I’m just looking in myself, trying to look in a past life in which I was a male… In a male body, I think it was still more the feminine aspect that received with joy. The giving out of the thank you— more masculine or more feminine? It’s hard to say. For Barbara, it’s more the feminine that gives it out, and I’m looking to see if it’s more because she’s in a female body… John O, I’m looking at you, now, for an example. And I see that for you, when you say thank you and give out that energy, it’s coming from a very clear masculine part of yourself, really the divine masculine, radiant strong. Very able to give and receive.

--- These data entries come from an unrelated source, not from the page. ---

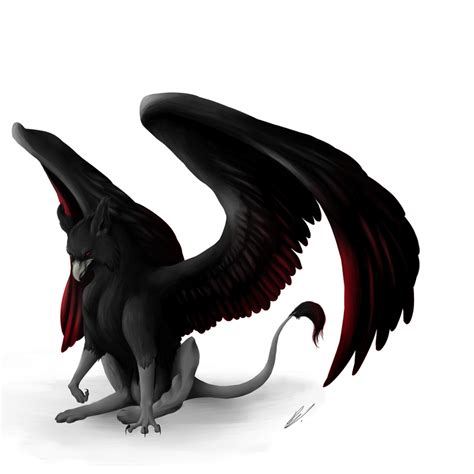 The Black Gryphon by Cookiehalo on DeviantArt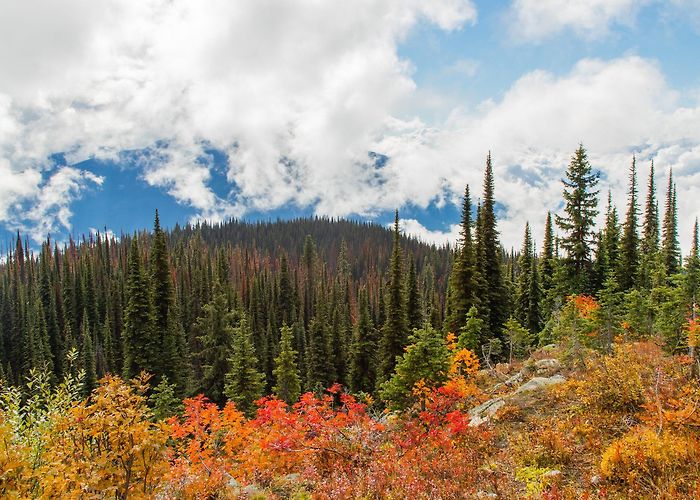 Mount Revelstoke National Park Mount Revelstoke National Park Tours - Book Now | Expedia photo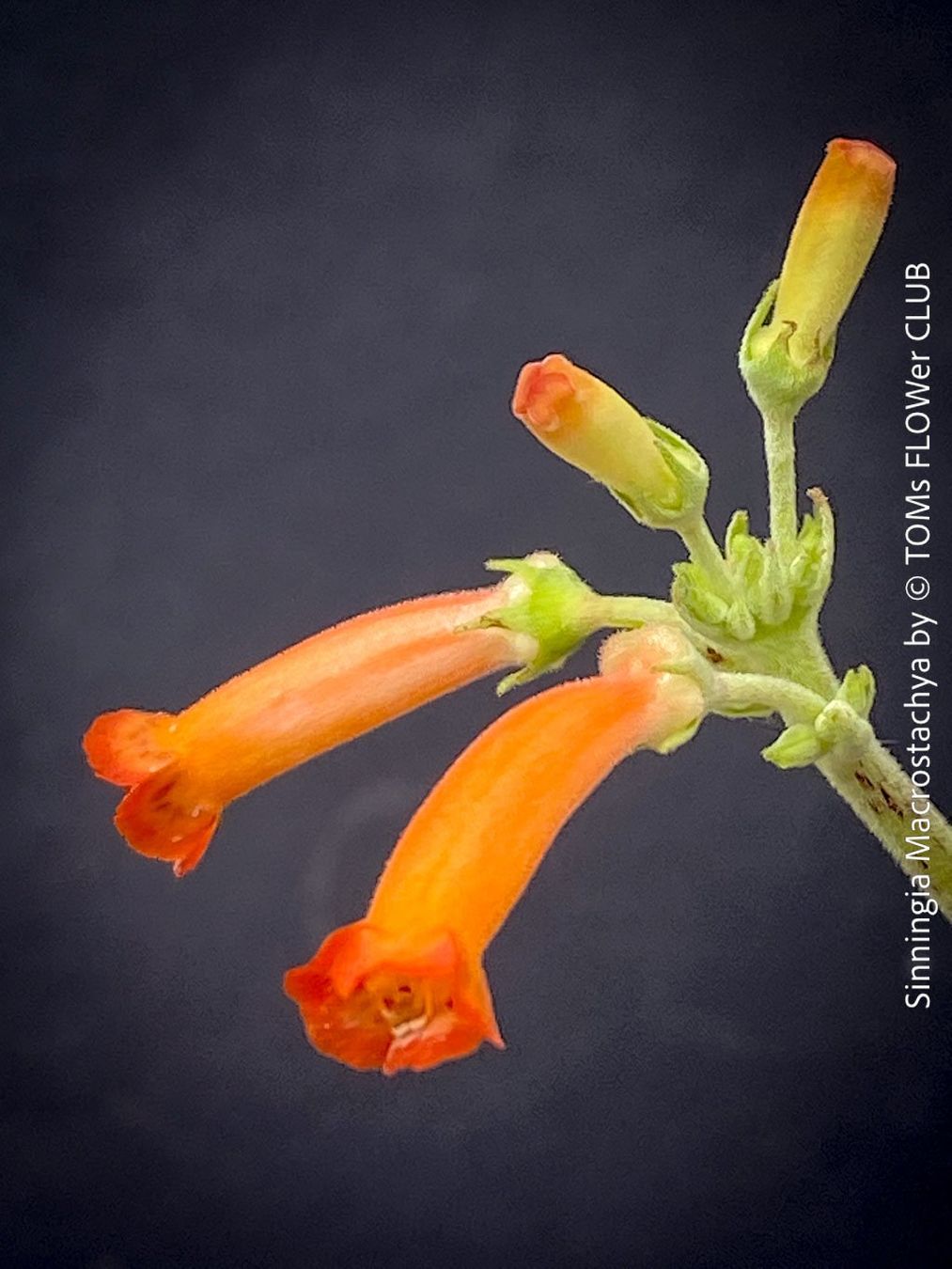 Plantes & graines: Sinningia Macrostachya - einzigartige Blütenpflanze – Neuf avec emballage d'origine à Adliswil par astom369 5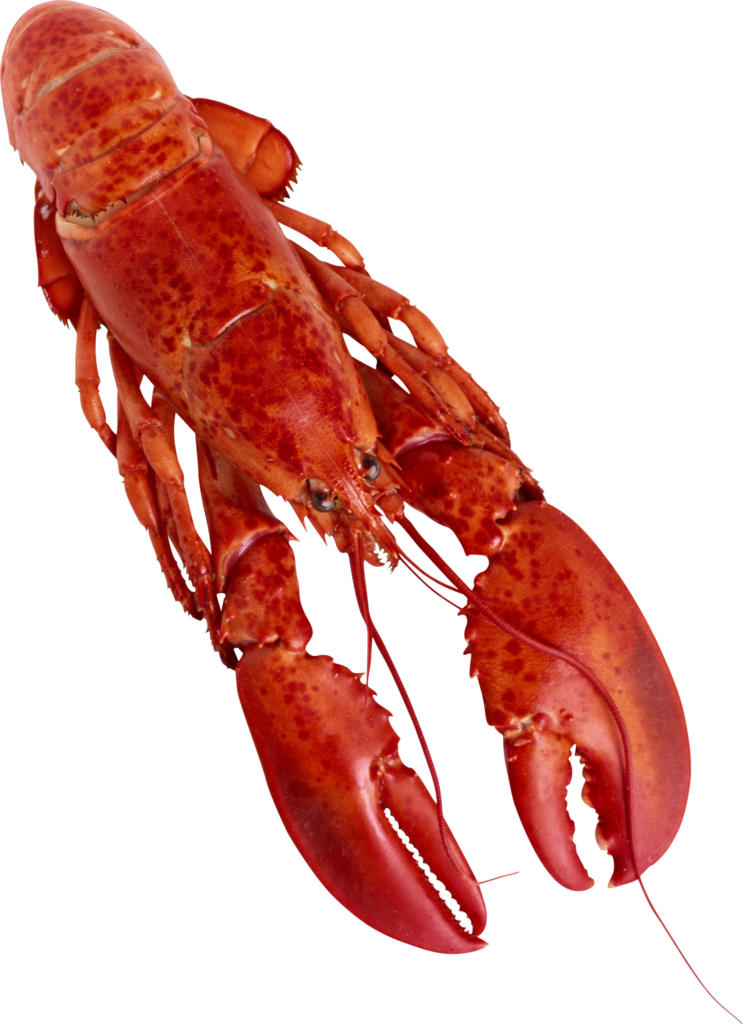 Stunning Red Crayfish on Transparent Background for Creative Designs Wallpaper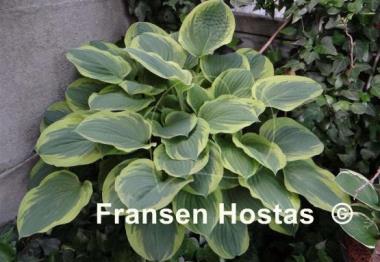 Hosta El Capitan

This is the point where, last week as I talked to some of the groups, we were talking about the flowing together of masculine and feminine so they become almost indistinguishable. The yang/yin symbol— everything coming together.

Taking this a step further, then. I don’t want you to spend too much time pondering whether it’s more masculine or feminine, just that it may be helpful to you to discern that, at times. We come back to seeing the habitual pattern: “Thank you,” and if you can’t receive my, “Thank you.” Pushing it away, armoring, shame unworthiness.

So, here we come to seeing an habitual pattern. That one cannot receive the generosity and love that’s being offered to you because of the old habits of shame. Mindfulness notes this, notes the regret that this is so, compassionate regret. Notes the intention to open up and truly be able to receive kindness and love. And if another says, “Thank you,” not to immediately write it off as sarcastic, which is simply a form of armoring. To say, “Oh, you’re just being sarcastic,” because then you don’t have to receive it. It’s sometimes very hard for you to receive that kind of love.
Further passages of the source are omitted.